> Instructions to follow:
Your output should be the lines below from the one holding "教您快速看懂甲状腺功能化验单" through the one holding "Fresh Produce - Mushroom Oyster Bulk", transcribed exactly, with no pictures.

> Given records:

== == ==

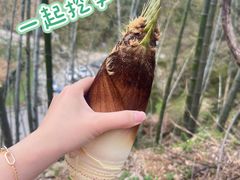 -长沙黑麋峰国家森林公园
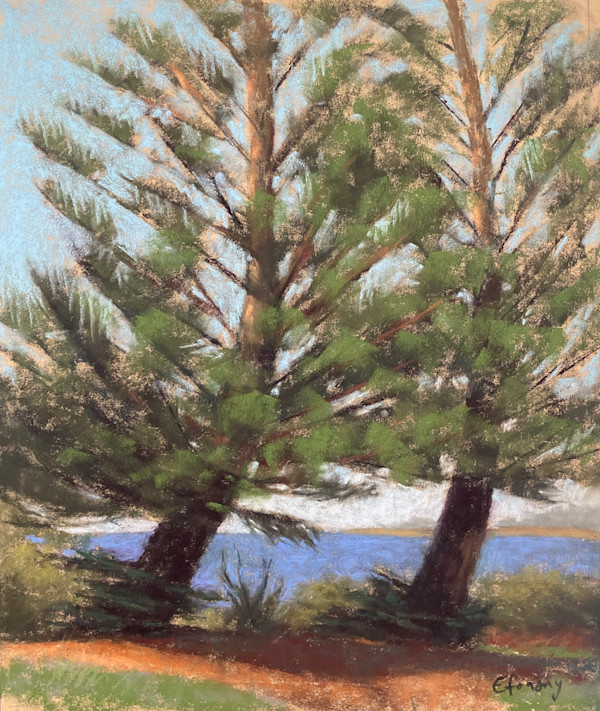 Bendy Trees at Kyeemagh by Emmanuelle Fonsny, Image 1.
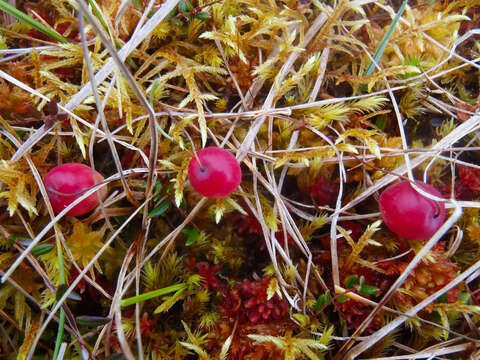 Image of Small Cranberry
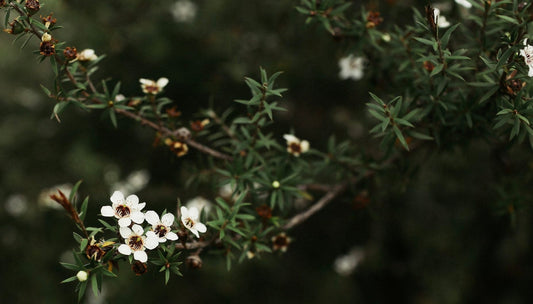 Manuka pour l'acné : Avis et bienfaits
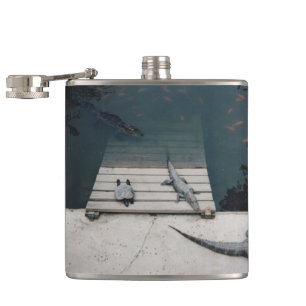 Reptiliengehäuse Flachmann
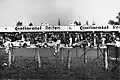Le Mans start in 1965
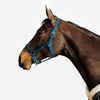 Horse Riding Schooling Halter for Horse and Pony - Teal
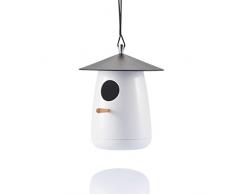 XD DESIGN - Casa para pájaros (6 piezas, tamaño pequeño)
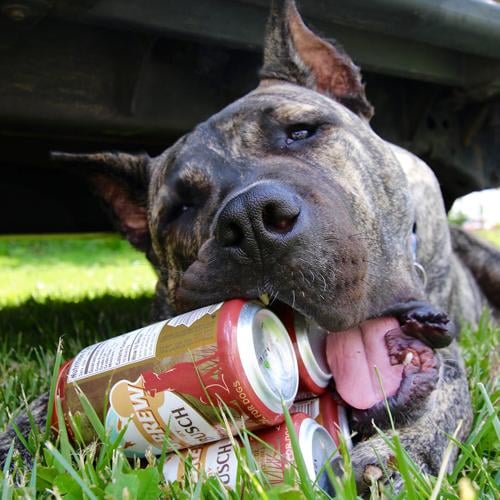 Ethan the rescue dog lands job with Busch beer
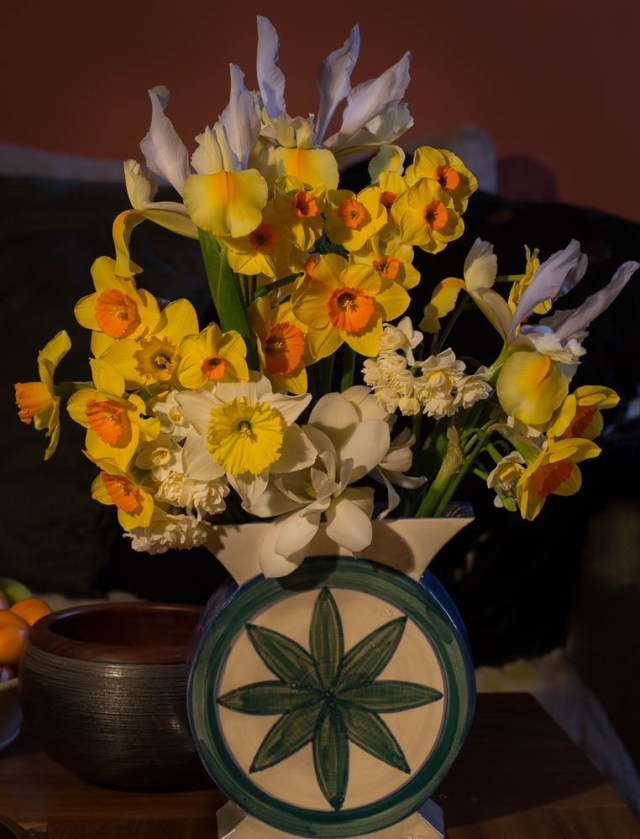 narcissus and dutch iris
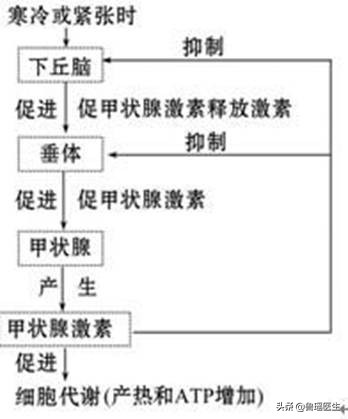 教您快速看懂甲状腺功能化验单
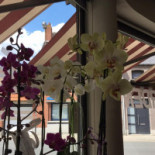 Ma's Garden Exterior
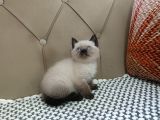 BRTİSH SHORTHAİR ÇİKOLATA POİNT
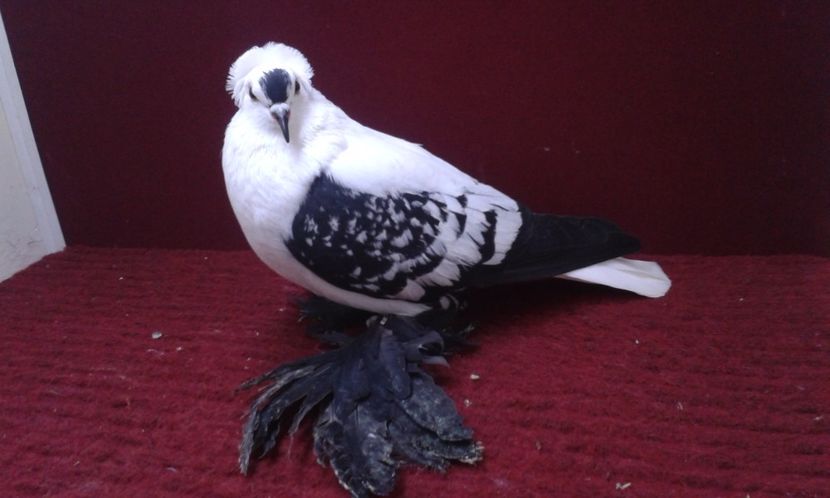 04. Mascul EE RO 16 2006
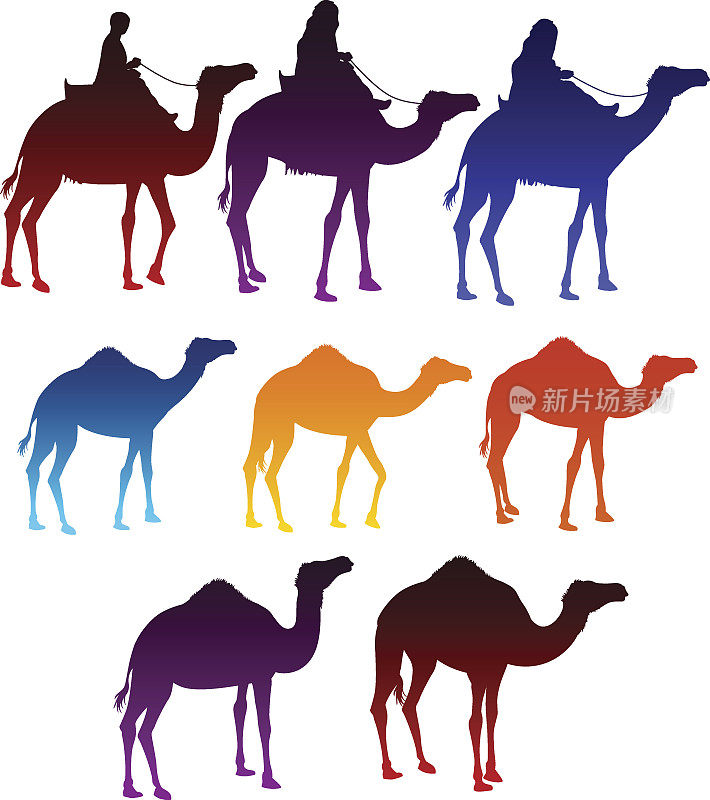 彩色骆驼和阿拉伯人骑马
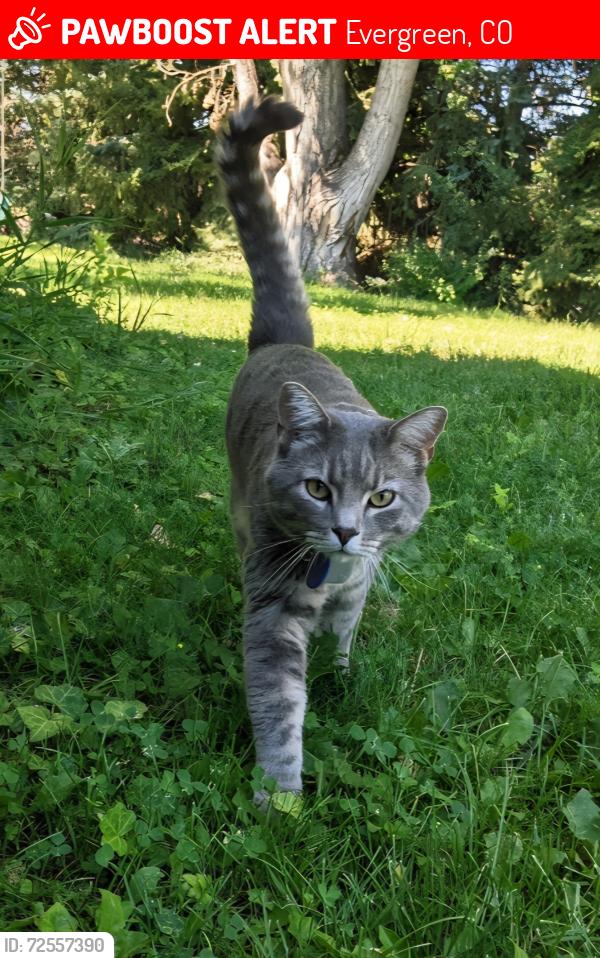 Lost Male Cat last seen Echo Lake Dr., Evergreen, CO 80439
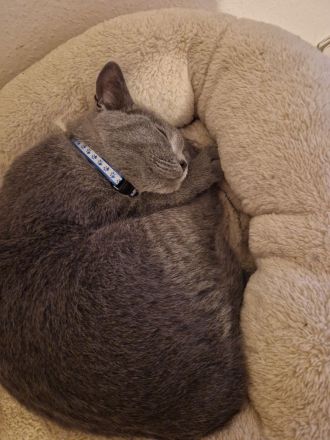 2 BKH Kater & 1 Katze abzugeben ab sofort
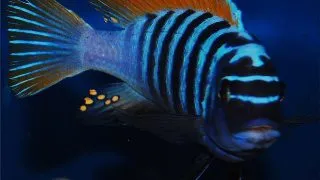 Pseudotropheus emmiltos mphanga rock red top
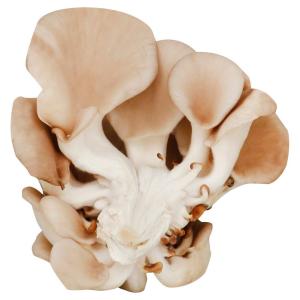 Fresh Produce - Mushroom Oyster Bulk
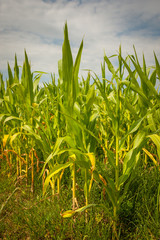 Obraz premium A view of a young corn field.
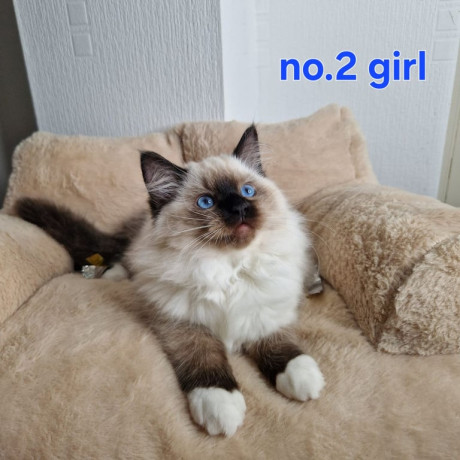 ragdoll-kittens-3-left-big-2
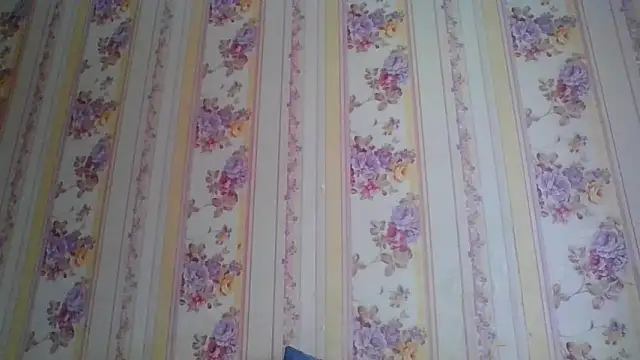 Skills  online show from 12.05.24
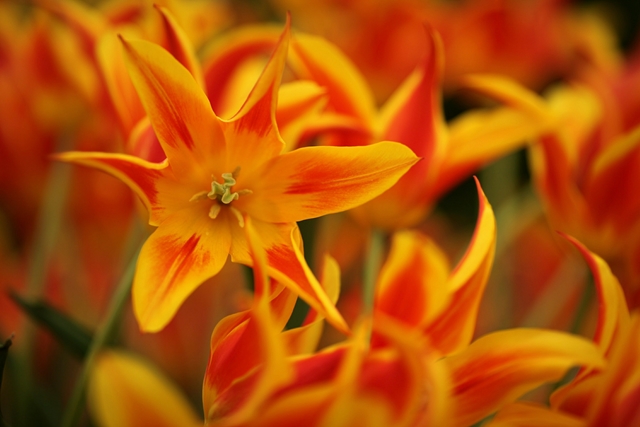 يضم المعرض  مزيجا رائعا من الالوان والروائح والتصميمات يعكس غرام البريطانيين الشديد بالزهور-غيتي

== == ==

> Reply to the task:
 教您快速看懂甲状腺功能化验单
 Ma's Garden Exterior
 BRTİSH SHORTHAİR ÇİKOLATA POİNT
 04. Mascul EE RO 16 2006
 彩色骆驼和阿拉伯人骑马
 Lost Male Cat last seen Echo Lake Dr., Evergreen, CO 80439
 2 BKH Kater & 1 Katze abzugeben ab sofort
 Pseudotropheus emmiltos mphanga rock red top
 Fresh Produce - Mushroom Oyster Bulk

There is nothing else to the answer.